Dorota Masłowska: Andere Leute

Von 05.04. 2020 April 7th, 2020 Bücher

Der Tag verkackt, wie jeder Tag verkackt. Beats im Plattenbau, drei Meter Samenstau. Dabei hat das Jahr gerade erst begonnen. Deine Rapper-Karriere, bereits völlig zerronnen. Kamil, du Wicht, wie siehst du aus im Gesicht? Die letzte Nacht wieder durchgesoffen, die Reste des Abends auf deine Jogger erbrochen. So bleibt man produktiv, zwischen all diesem Mief. Der Weihnachtsbaum nadelt, Digga, du nicht geadelt, rennst mit dicker Hose durch die Wohnung deiner Mutter, die gibt dir wenigstens Futter (dann und wann, kommt drauf an). Ne eigne Bleibe in Warschau hast du nicht, dafür bist du in der Birne viel zu dicht. Statt nem Job hast du Schulden, alle müssen dich erdulden. Du weißt nicht, wer du bist. Nur: Du. Bist da. Wo unten ist.

KAMIL: „Verpiss dich, Alter! Du hast im Text nichts zu suchen. Für deinen Auftritt hier wirst du ein Dislike verbuchen.“
LITERATURPALAST: „Aber Herr Janik, finden Sie es nicht auch erstaunlich, dass es Ihrer Autorin Dorota Masłowska gelingt, allein über die Sprache ihres Romans Andere Leute (Rowohlt Berlin, 2019) ein Bild der polnischen Gegenwart zu zeichnen? Durch Slang, misslungene Reime und gebrochene Rhythmen – eloquent übersetzt von Olaf Kühl – werden Themen wie Neoliberalimus, Homophobie, die prekäre Situation ukrainischer Arbeitsmigrant*innen oder die Abwanderung vieler Pol*innen nach Großbritannien angeschnitten. Die knapp 150 Seiten des Romans lesen sich wie im Rausch – einem Rausch der besseren Sorte, versteht sich.

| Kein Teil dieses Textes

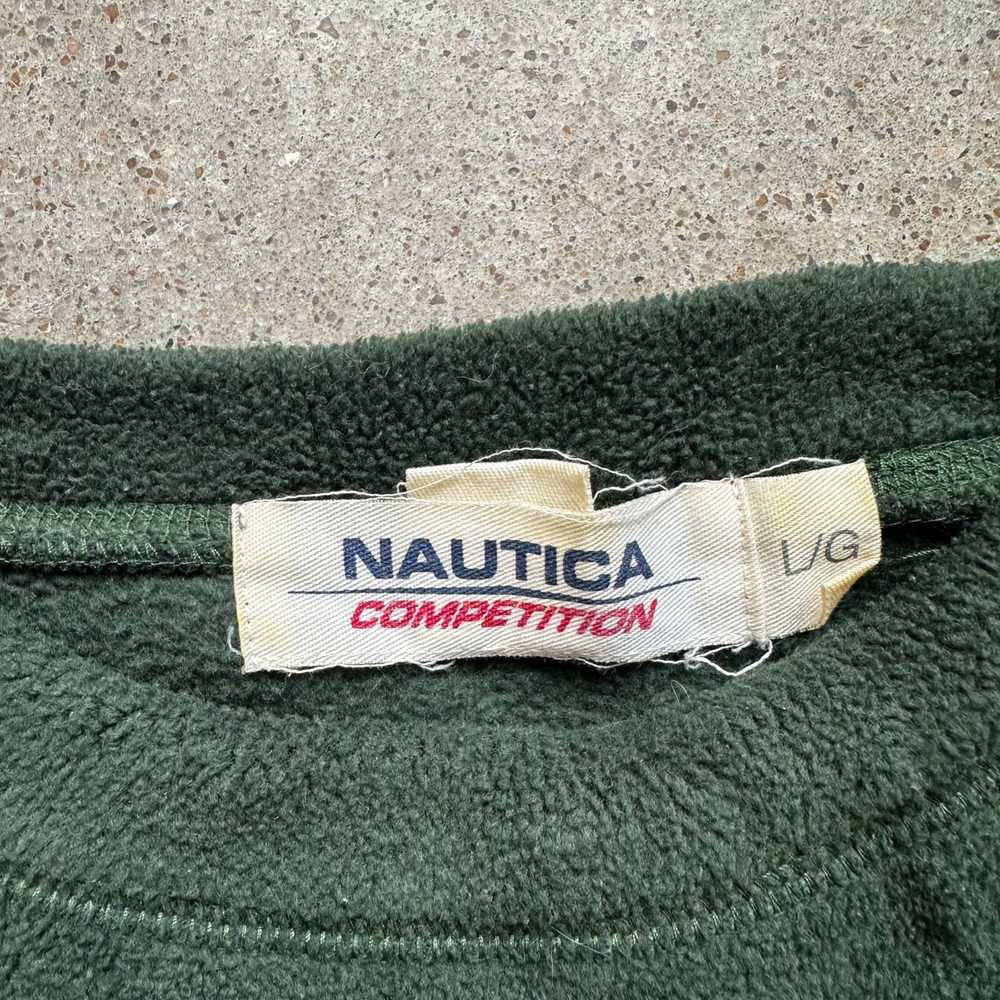 Nautica × Vintage Vintage 90s/Y2K Nautica Competi… - image 4
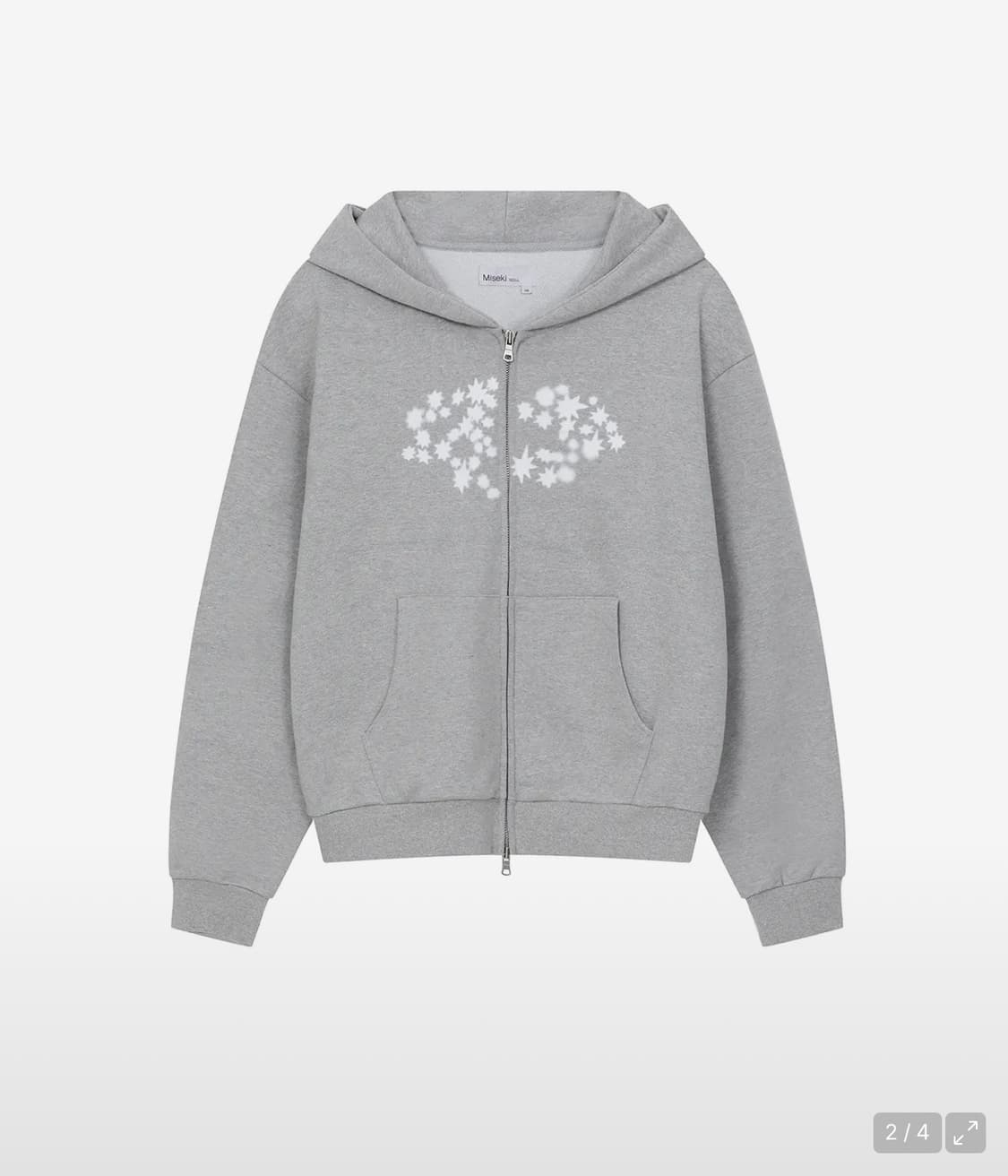 미세키서울후드집업 상품이미지2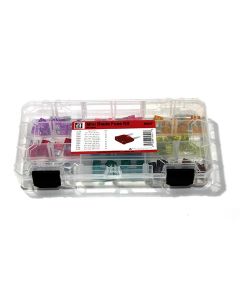 The Best Connection Mini Blade Fuse Kit, 90 pcs
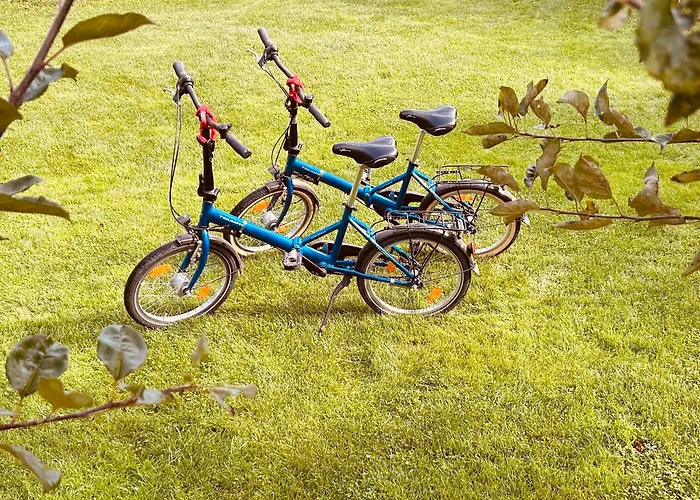 Tante Else Auszeit Auf Dem Lande Naehe Unesco Welterbe Inklusive Fahrraeder Apartman Carpin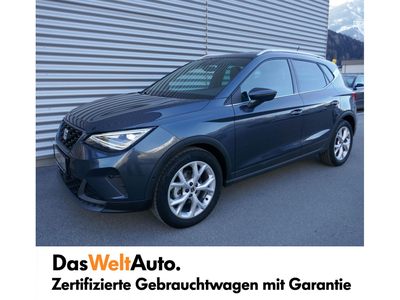 Seat Arona Gebrauchtwagen, Benzin, Grau, Tirol, ID 1183698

Kennen Sie das überhaupt?“ #micdrop
KAMIL: „Meine Rhymes sind exquisit, krasser noch als ein Tweet, vom Mann im Weißen Haus, also halt dich da raus.“

Wer spricht, wer spricht? Bist du da selbst so erpicht? Suchst ja selbst die andren Leute, auf der Suche nach der fetten Beute. Und warum? Und warum? Und warum? Nur für den Kick, für den Augenblick? Hör auf, Stoff zu verticken, mach jetzt bloß keine Zicken und lass dich nicht mehr blicken bei … (hier wahlweise einfügen)

… deiner Freundin (Freundin?) Anetta, bei der du dir in guten Momenten immerhin Mühe gibst (unbeholfen), aber für die du dich kaum interessierst (man ahnt, dass dies auf Gegenseitigkeit beruhen könnte).
der unglücklichen Iwona, die du durch einen Klempner-Job kennengelernt hast und die dir für eine schlechte Nummer ein bisschen Kohle zusteckt (sie hat’s ja).
… Iwonas Ehemann Maciej, einem unerwarteten Neukunden, der nicht ahnt, dass du seine Ehefrau „besser kennst“ (Iwona wiederum ahnt sehr wohl, das ihr Gatte sie mit einer anderen betrügt).
… deiner jüngeren Schwester Sandra, die eigentlich nur in Ruhe für die Schule lernen möchte und die gewiss drauf verzichten könnte, DAS (Dauererektion) ständig sehen zu müssen.
… deiner Mutter (in jedem erdenklichen Sinne).

Outro: Doch davon wirst du sicher berichten auf deiner CD. Auf deiner CD, Ojemine! Zum Schluss brauch ich noch etwas, das sich reimt und wähle Dreck. Du bist wie Zewa Küchenrolle – einfach wisch und weg!